- [What to work on]: Nothing after the line containing "Betsey Johnson Floral" belongs in the answer; write out exactly every line from the start of the material up to it, including it.

- [Data supplied]:

+ + + +

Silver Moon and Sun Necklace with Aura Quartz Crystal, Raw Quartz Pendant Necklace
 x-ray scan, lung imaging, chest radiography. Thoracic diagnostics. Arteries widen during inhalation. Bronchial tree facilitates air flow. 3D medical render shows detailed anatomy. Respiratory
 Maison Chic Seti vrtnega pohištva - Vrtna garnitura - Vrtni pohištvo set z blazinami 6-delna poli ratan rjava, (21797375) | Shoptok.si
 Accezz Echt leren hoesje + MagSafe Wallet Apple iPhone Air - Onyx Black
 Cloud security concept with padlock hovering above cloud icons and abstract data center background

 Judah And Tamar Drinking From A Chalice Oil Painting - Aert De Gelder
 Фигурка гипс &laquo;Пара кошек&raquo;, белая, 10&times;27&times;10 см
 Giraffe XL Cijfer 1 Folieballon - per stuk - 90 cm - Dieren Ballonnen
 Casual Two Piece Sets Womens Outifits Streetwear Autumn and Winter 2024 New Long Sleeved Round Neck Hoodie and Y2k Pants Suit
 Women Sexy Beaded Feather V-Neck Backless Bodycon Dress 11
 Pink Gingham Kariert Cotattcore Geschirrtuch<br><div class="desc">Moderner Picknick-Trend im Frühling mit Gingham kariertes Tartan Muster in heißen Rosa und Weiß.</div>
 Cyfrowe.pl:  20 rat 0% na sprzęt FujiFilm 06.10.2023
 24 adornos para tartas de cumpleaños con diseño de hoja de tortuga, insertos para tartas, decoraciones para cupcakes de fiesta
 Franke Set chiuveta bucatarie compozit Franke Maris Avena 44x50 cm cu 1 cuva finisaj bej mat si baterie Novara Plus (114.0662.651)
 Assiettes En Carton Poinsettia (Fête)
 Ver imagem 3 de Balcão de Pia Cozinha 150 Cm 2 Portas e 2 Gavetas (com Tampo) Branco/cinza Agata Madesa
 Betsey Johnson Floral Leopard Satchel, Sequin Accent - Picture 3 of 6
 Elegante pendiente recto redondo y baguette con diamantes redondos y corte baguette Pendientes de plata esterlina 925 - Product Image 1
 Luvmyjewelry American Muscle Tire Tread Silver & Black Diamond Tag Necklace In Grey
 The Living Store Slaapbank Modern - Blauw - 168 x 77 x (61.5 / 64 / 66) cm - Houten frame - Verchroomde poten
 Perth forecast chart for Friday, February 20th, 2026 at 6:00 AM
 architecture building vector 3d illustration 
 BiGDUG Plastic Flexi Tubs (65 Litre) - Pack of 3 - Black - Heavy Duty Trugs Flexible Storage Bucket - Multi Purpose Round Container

+ + + +

- [Written response]:
Silver Moon and Sun Necklace with Aura Quartz Crystal, Raw Quartz Pendant Necklace
 x-ray scan, lung imaging, chest radiography. Thoracic diagnostics. Arteries widen during inhalation. Bronchial tree facilitates air flow. 3D medical render shows detailed anatomy. Respiratory
 Maison Chic Seti vrtnega pohištva - Vrtna garnitura - Vrtni pohištvo set z blazinami 6-delna poli ratan rjava, (21797375) | Shoptok.si
 Accezz Echt leren hoesje + MagSafe Wallet Apple iPhone Air - Onyx Black
 Cloud security concept with padlock hovering above cloud icons and abstract data center background

 Judah And Tamar Drinking From A Chalice Oil Painting - Aert De Gelder
 Фигурка гипс &laquo;Пара кошек&raquo;, белая, 10&times;27&times;10 см
 Giraffe XL Cijfer 1 Folieballon - per stuk - 90 cm - Dieren Ballonnen
 Casual Two Piece Sets Womens Outifits Streetwear Autumn and Winter 2024 New Long Sleeved Round Neck Hoodie and Y2k Pants Suit
 Women Sexy Beaded Feather V-Neck Backless Bodycon Dress 11
 Pink Gingham Kariert Cotattcore Geschirrtuch<br><div class="desc">Moderner Picknick-Trend im Frühling mit Gingham kariertes Tartan Muster in heißen Rosa und Weiß.</div>
 Cyfrowe.pl:  20 rat 0% na sprzęt FujiFilm 06.10.2023
 24 adornos para tartas de cumpleaños con diseño de hoja de tortuga, insertos para tartas, decoraciones para cupcakes de fiesta
 Franke Set chiuveta bucatarie compozit Franke Maris Avena 44x50 cm cu 1 cuva finisaj bej mat si baterie Novara Plus (114.0662.651)
 Assiettes En Carton Poinsettia (Fête)
 Ver imagem 3 de Balcão de Pia Cozinha 150 Cm 2 Portas e 2 Gavetas (com Tampo) Branco/cinza Agata Madesa
 Betsey Johnson Floral Leopard Satchel, Sequin Accent - Picture 3 of 6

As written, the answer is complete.